Durante a sessão, uma emenda apresentada pelo vereador Luiz Carlos de Souza (MDB) propôs uma redução ainda maior: 25,3%. A sugestão, no entanto, foi rejeitada pelos demais 16 parlamentares.
Emenda rejeitada
Segundo Luiz Carlos, o percentual buscava corrigir o reajuste concedido no fim de 2024 aos agentes políticos, que, segundo ele, ultrapassou os 4,77% de correção salarial recebidos pelos demais servidores e foi aprovado de forma irregular. “Aquele aumento de 25,3% foi muito acima dos 4,77% que os servidores receberam, e por isso entrei com a emenda para reduzir esses valores ao patamar justo. Mas não quero tirar dos cargos comissionados. Minha proposta era focada no prefeito, vice e secretários”, justificou.

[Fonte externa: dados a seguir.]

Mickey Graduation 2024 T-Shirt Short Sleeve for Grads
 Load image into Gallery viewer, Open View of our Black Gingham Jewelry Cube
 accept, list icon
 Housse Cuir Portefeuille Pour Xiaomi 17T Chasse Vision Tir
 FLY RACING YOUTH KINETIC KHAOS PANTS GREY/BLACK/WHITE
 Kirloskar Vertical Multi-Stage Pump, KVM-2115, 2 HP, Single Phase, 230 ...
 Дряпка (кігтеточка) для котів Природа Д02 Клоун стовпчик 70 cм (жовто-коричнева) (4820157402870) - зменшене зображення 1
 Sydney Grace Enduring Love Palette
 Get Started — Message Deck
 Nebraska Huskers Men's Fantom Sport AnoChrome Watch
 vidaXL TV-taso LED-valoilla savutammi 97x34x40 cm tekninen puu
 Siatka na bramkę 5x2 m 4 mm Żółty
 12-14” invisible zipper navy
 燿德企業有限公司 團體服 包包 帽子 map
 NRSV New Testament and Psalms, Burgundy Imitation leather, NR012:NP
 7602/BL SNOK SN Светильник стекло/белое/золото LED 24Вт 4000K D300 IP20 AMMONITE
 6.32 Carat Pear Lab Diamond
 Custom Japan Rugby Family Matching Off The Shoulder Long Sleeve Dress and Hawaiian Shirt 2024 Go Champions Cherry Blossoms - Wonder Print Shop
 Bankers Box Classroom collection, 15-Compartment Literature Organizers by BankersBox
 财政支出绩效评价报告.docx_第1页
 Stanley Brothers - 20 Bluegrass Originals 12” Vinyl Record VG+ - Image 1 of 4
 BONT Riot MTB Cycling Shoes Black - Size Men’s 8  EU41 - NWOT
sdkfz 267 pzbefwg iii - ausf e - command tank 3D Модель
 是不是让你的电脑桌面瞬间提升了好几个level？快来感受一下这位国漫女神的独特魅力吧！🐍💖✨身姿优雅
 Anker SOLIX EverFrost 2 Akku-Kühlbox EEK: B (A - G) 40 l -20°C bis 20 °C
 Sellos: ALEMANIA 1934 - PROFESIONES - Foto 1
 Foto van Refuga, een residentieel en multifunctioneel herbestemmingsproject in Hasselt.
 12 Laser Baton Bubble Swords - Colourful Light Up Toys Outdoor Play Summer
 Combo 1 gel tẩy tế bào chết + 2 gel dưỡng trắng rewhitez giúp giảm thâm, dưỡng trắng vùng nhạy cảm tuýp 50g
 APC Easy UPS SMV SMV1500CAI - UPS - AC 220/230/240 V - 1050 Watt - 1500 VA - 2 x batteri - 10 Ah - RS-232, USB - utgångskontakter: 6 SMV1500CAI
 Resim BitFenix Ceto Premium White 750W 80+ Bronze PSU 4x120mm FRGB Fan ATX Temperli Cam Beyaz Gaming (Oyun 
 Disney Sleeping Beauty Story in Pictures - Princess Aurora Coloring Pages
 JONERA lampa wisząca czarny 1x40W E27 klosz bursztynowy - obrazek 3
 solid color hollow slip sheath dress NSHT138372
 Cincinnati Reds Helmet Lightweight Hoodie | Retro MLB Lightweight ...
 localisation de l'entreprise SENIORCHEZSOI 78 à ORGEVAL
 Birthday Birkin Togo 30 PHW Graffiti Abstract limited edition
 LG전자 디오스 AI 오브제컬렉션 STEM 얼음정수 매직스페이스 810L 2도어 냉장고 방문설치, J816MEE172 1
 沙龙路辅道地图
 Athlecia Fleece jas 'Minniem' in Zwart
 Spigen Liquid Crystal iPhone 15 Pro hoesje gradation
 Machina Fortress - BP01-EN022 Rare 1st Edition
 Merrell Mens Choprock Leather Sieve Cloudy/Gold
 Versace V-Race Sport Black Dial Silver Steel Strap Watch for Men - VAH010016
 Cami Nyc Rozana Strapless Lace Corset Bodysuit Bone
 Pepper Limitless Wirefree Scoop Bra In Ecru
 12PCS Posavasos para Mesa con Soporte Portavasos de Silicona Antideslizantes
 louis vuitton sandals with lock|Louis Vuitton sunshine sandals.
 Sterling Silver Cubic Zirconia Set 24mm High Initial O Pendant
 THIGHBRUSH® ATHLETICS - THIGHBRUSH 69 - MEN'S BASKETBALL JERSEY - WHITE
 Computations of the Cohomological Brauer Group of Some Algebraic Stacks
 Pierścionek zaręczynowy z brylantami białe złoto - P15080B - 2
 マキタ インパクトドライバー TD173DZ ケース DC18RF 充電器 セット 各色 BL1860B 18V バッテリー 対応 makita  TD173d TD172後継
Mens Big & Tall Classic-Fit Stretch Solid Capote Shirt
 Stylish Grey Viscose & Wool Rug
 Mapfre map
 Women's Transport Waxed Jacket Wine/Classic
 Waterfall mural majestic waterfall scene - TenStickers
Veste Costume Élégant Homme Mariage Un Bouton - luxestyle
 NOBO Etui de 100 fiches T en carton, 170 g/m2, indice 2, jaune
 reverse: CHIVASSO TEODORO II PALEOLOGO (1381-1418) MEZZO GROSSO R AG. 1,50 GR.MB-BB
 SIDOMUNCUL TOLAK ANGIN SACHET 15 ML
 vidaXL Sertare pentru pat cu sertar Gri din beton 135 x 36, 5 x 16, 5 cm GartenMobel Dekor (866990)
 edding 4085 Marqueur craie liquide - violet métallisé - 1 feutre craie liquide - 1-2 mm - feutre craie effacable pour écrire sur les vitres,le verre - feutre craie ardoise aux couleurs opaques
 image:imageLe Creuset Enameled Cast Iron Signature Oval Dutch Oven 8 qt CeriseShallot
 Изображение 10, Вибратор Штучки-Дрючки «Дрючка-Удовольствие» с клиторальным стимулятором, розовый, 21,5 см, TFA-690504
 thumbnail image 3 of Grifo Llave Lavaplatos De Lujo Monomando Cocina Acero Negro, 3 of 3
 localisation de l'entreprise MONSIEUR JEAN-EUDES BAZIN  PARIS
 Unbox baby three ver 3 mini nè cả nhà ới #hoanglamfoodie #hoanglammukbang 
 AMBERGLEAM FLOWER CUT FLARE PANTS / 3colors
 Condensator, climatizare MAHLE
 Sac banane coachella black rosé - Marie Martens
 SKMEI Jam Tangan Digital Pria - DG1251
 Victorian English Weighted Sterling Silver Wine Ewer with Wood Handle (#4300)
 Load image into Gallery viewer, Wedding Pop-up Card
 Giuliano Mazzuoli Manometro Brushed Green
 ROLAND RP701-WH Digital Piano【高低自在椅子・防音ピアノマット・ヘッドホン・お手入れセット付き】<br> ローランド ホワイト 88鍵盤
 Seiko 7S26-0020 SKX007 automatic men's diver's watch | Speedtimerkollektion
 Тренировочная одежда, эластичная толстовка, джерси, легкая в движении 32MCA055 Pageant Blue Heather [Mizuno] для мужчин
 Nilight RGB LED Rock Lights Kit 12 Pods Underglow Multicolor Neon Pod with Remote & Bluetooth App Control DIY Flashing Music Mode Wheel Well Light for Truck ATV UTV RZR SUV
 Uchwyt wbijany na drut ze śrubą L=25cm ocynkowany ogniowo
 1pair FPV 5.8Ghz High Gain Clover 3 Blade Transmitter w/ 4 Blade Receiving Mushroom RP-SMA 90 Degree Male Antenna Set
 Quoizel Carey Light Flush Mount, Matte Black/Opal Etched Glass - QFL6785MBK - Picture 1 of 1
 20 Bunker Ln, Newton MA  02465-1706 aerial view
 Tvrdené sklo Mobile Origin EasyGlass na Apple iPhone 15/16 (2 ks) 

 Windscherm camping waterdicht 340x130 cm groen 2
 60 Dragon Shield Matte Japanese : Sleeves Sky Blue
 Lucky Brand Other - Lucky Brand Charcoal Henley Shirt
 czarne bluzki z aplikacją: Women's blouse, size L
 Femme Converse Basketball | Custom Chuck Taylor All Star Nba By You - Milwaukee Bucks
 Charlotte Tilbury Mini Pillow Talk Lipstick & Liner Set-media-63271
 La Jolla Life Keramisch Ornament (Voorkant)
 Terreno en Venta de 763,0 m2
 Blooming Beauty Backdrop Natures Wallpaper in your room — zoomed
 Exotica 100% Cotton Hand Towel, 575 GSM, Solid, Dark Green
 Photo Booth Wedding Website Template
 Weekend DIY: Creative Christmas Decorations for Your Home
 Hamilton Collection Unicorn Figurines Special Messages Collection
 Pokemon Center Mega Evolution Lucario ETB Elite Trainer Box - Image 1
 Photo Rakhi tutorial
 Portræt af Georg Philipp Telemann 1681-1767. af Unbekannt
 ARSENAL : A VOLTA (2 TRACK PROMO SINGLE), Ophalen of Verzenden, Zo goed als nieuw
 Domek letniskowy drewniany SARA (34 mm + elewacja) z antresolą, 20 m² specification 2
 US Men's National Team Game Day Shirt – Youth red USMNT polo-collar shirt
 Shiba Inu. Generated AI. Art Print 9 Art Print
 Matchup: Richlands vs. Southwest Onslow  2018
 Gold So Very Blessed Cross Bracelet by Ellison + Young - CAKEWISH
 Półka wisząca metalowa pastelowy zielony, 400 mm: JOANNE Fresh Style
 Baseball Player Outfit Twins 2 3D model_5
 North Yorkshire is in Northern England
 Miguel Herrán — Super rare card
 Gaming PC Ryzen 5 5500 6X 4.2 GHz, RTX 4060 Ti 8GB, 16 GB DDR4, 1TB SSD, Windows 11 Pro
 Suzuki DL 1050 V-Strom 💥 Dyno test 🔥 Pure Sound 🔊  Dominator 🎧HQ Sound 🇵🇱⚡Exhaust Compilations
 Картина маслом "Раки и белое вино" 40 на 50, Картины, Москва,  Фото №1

Apesar do argumento, os membros do Legislativo destacaram questões legais e constitucionais para votar contra a emenda. Os vereadores Bernardo Rosa (PSB) e Juber Madeira (PSDB), ressaltaram que a redução de 25% poderia comprometer o teto salarial de categorias como os médicos, prejudicando o atendimento na saúde pública.
“Se aprovarmos o corte de 25%, poderíamos esbarrar novamente no teto que limita os salários dos médicos, o que impactaria negativamente os serviços prestados à população. O corte de 15% é um limite responsável”, explicou Juber.
A fala refere-se à legislação que estabelece que nenhum servidor pode receber remuneração superior à do prefeito, o que pode causar perdas salariais recorrentes para profissionais da saúde com maior tempo de serviço, carga horária extensa, plantões extras ou progressões na carreira
Atraso na pauta para garantir eficácia jurídica
Questionado sobre a demora na votação do projeto, protocolado há cerca de 40 dias, o presidente da Câmara, Carlos Henrique Silva Filho (Solidariedade), explicou que o texto passou por análises jurídicas e adequações internas antes de ser pautado. “O projeto passou por algumas adaptações até que fosse pautado. A gente prezou pela legalidade, para que ele fosse aprovado de forma que tivesse eficácia jurídica. Isso é algo comum no processo legislativo, é preciso ter esse cuidado para não aprovar um projeto que, depois, não possa ser aplicado”, afirmou.
Redução
A redução integra um pacote de ações anunciado pelo Executivo como parte do esforço para conter despesas diante da queda na arrecadação municipal. A Prefeitura também comunicou que fará o corte de até 15% nos cargos comissionados, além da extinção de secretarias e subsecretarias, em busca do reequilíbrio financeiro da administração.
Com a aprovação do projeto nº 99/2025, os novos valores dos subsídios dos agentes políticos passam a ser:
- Prefeito: R$ 29.692,39;
- Vice-prefeito e secretários municipais: R$ 18.221,42.